Jay-Z Raps About Miley Cyrus Twerking on New Track as Magna Carta Holy Grail Reviews Surface

Jigga is having a little fun at the popster's expense while the music critics just might be doing the same with him as they weigh in on his latest record

By Josh Grossberg Jul 05, 2013 6:13 PMTags
Jay-Z, Miley CyrusDimitrios Kambouris/Frederick M. Brown/Getty Images

Like Nicki Minaj, it appears Jay-Z's digging whole Miley Cyrus twerking thing.

On new album, Magna Carta Holy Grail, which dropped on July 4, the rapper pokes fun at the erstwhile Hannah Montana star's newfound twerking abilities on his track, "Somewhere in America."

"When I was talking Instagram, Last thing you wanted was your picture snapped/Feds still lurking, They see I'm still putting work in/Cause somewhere in America, Miley Cyrus is still twerkin', HA!" Jay-Z rhymes. "Twerk, twerk, twerk, twerk, Twerk, Miley, Miley, twerk/Twerk, Twerk, Miley, Miley, Miley, twerk/Twerk, yeah, ugh-huh, Twerk, Miley, Miley, Miley / Only in America."

Call it a good-natured payback for the shout-out Miley gave Hova in her 2009 hit when she crooned, "Too much pressure and I'm nervous, That's when the taxi man turned on the radio/And the Jay-Z song was on/And the Jay-Z song was on/And the Jay-Z song was on."

Of course, Cyrus has been making headlines the last couple of months for twerking, starting with her unicorn onesie video, followed by her music video for "We Can't Stop" and several live performances.

Meanwhile, Jay-Z's 12th studio effort is garnering mixed reactions from music critics for its emphasis on family, political and spiritual themes.

Here's a quick roundup of some of MCHG's more noteworthy reviews:

• "As an event, it's good, it's great, it's disappointing and back again. As an album, though, it tends to be safe," writes Billboard before going on to compare it to Kanye West's new release Yeezus. "Jay's trying to be a lot of things to all people, as one does when as big as he is.

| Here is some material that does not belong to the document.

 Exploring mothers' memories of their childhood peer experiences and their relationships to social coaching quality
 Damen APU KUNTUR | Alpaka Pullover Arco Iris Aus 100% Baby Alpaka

And while it's unfair to measure Jay against others, we're living in a world where Yeezus has risen, and it feels like Jay's dipping a toe rather than fully diving in. When Kanye is heaving bombs from across the court, you can't clap so loud when Jay lobs lay-ups. That's not to say it's not good—it is—sometimes you just want to see some sweat."

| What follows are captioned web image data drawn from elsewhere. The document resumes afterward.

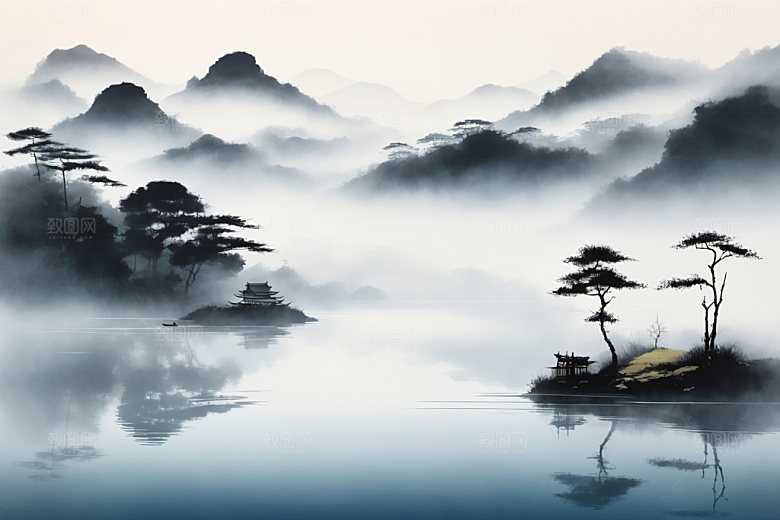 水墨唯美意境装饰画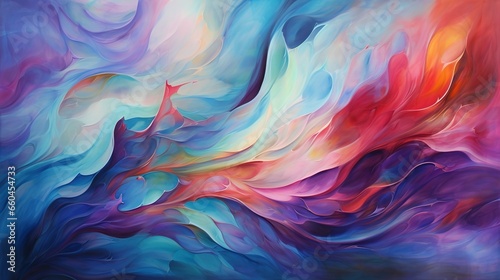 Color fusion with abstract colorful waves, abstraction concept 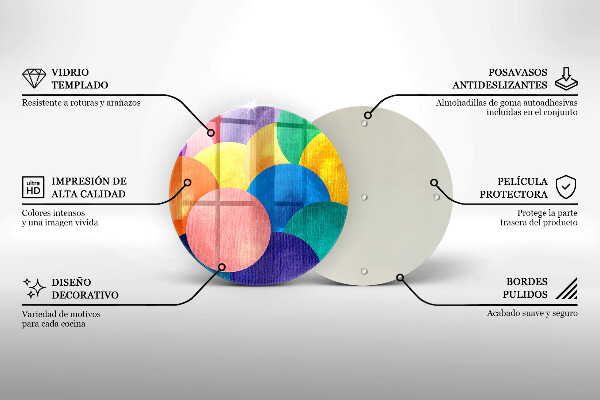 Kuchynská doska veľká zo skla Farebné kruhy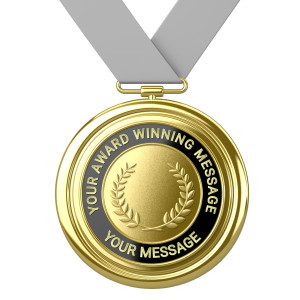 Gold Medal Custom Customizable PowerPoint clipart graphic preview.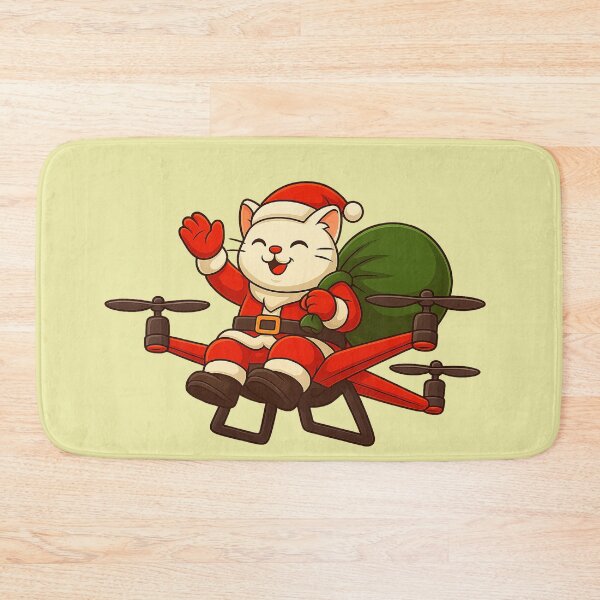 Item preview, Santa claws Cat on drone designed and sold by UniqueDesignHub.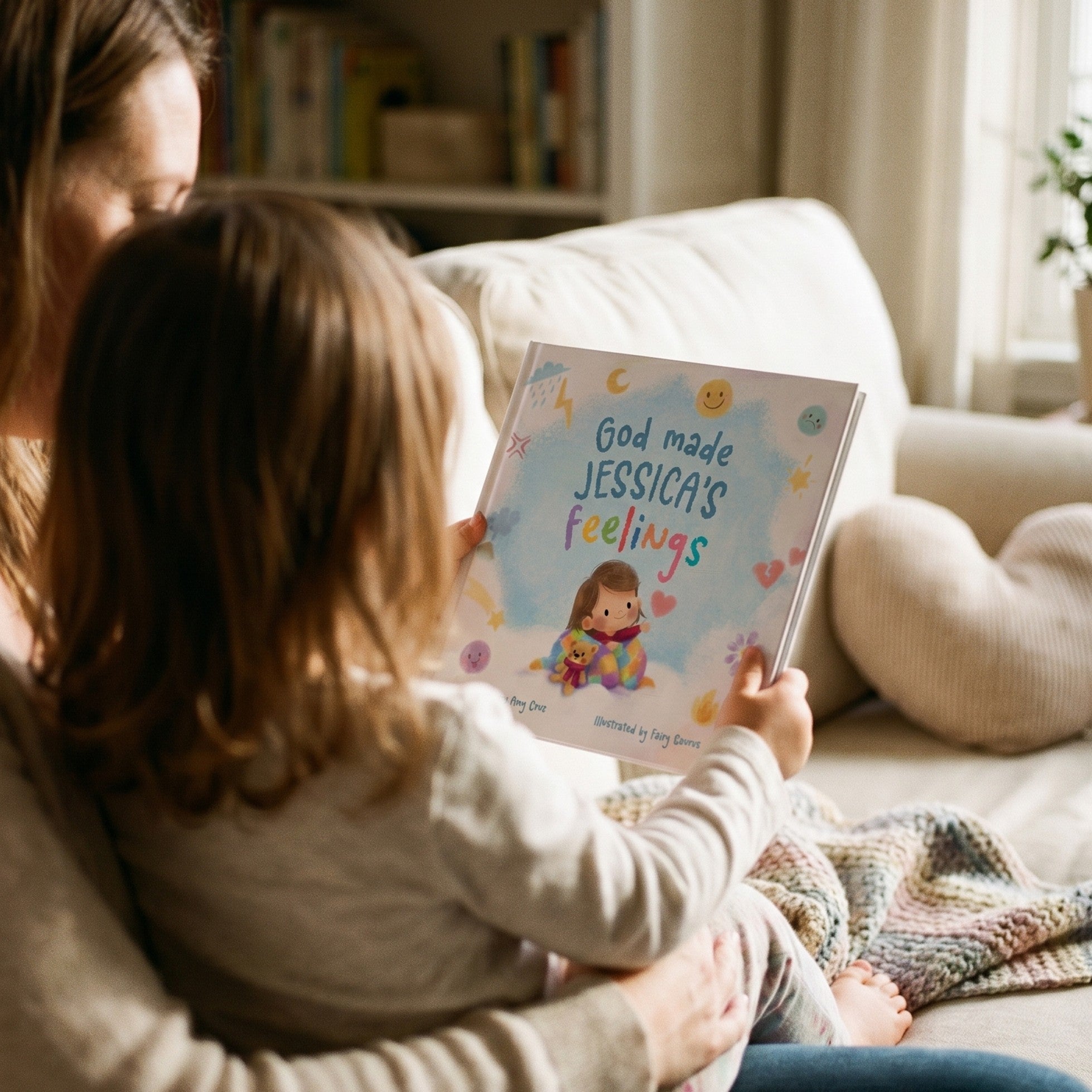 Inside page from God Made All Your Feelings, a personalized faith storybook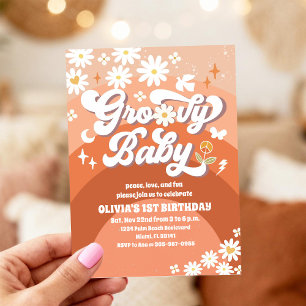 Funkis Daisy Rainbow Födelsedagsinbjudan Inbjudningar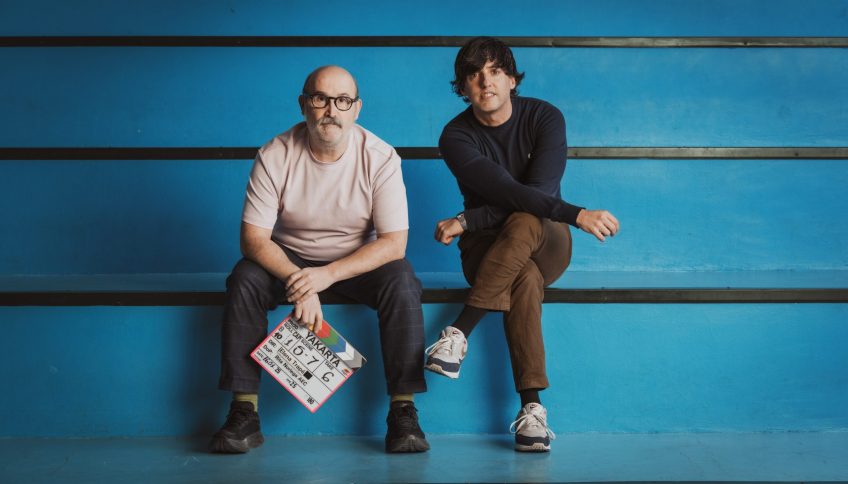 Javier Cámara y Diego San José, protagonista y creador de «Yakarta». Foto: Manolo Pavón / Movistar Plus+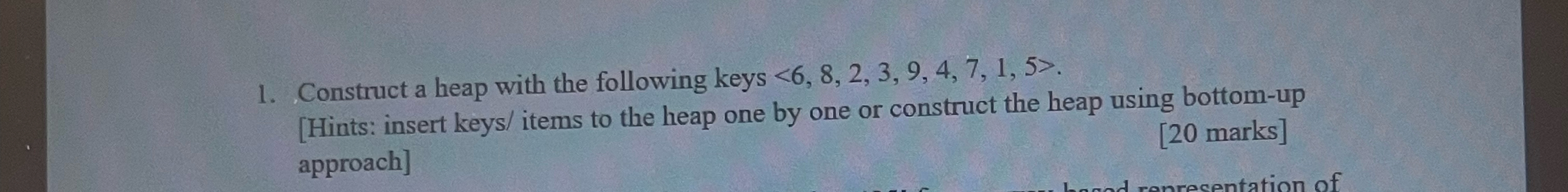 Construct a heap with the following keys ( : 6 ,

• "Jay-Z may have retired umpteen times already, but here he whips up a helluva argument for his return: "I'm still putting work in / 'Cause somewhere in America, Miley Cyrus is still twerkin'. In the same way, Magna Carta Holy Grail makes its own case. It's cinematic and grand like a Gatsby reboot, and calm and cool like Kanye could never be, but it's also critical and contemplative. Oh, and confident," raves Spin.

• "Magna Carta Holy Grail certainly is shimmering, heavy and at times sonically stunning, and Jay-Z can toss a brilliant metaphor like it's nothing. But a true masterpiece harnesses intellect and adventure to push forward not only musically but also thematically," counters the Los Angeles Times on the other hand.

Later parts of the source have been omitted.